Luca Pozzoni, General Manager of EXERGY INTERNATIONAL commented: “We are excited to embark on this journey with GEL. The United Downs project will be a milestone in the development of the geothermal industry in the UK and will give us the valuable opportunity to contribute with our technology and expertise to kick-starting geothermal power generation in the country. Under a structured long-term agreement with GEL, we will be able to partner for the development of future geothermal initiatives to unlock Europe’s largely untapped geothermal potential and support the decarbonization of our energy systems.”

Ryan Law, CEO of Geothermal Engineering Ltd, said: “Geothermal heat is an untapped renewable resource with the potential to provide huge amounts of energy-efficient and carbon-free electricity and heat. Exergy is well known globally for their competence in the binary geothermal power sector and we are very pleased to be working with them on this landmark project in Cornwall.  Our long-term agreement with Exergy will also enable us to develop a number of additional projects both in the UK and abroad.”

GEL and Exergy’s partnership

The United Downs power plant is expected to be the first of many projects to be developed under a partnership and cooperation agreement signed between Exergy International and Geothermal Engineering Ltd. (GEL).

United Downs Geothermal Project

The United Downs Deep Geothermal Power project will be the home of the first geothermal power plant in the UK. The geothermal site, located near Redruth in Cornwall, utilises the naturally heat producing granite which underlies most of Cornwall. Two deep, directional wells have successfully been drilled for the purpose; the production well to a measured depth of 5,275m – the deepest onshore well in the UK – and the injection well to 2,393m. The naturally-heated geothermal fluid will be pumped to the surface, passed through the power plant to produce electricity, then returned underground via the injection well (Fig.1) where it will percolate through the granite to reheat. This process means that geothermal energy produces clean, green power with no waste product.

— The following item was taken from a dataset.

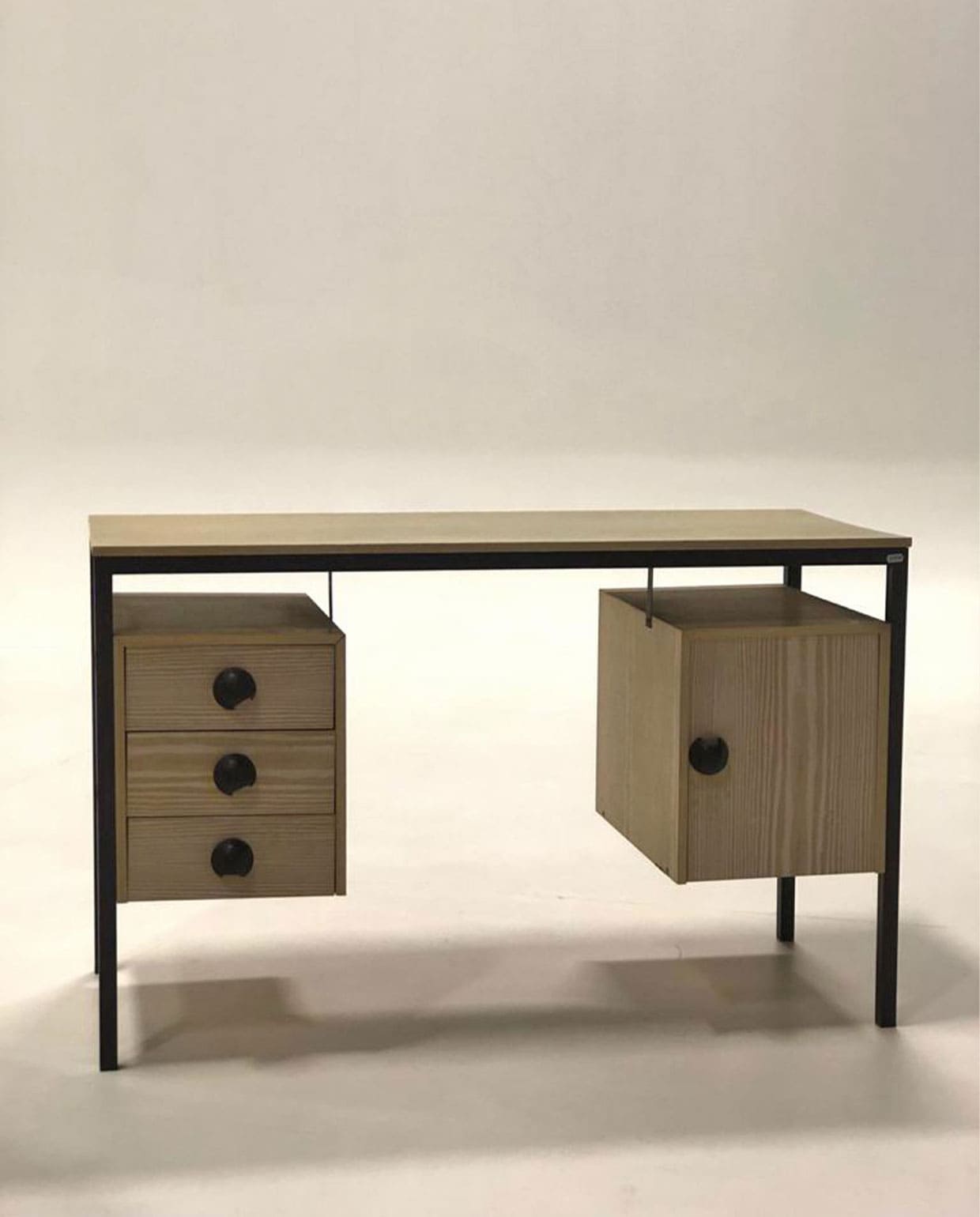 Bureau uit de kringloopwinkel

Fig 1 – GEL’s novel geothermal doublet with a deep production well and shallow injection well.

Organic Rankine Cycle geothermal power plant – How it works

An ORC or binary power plant consists of a closed loop cycle which extracts the heat of the geothermal fluid coming from the production well, transferring it by means of heat exchangers to an organic fluid. The organic fluid is first heated in the preheater and then vaporized, absorbing the heat from the geothermal fluid. After being superheated, the vaporized fluid drives a turbine coupled to a generator to optimize the production of electricity. The vapour exhaust returns to liquid state through a condenser, thereby retaining the organic fluid within the closed loop system.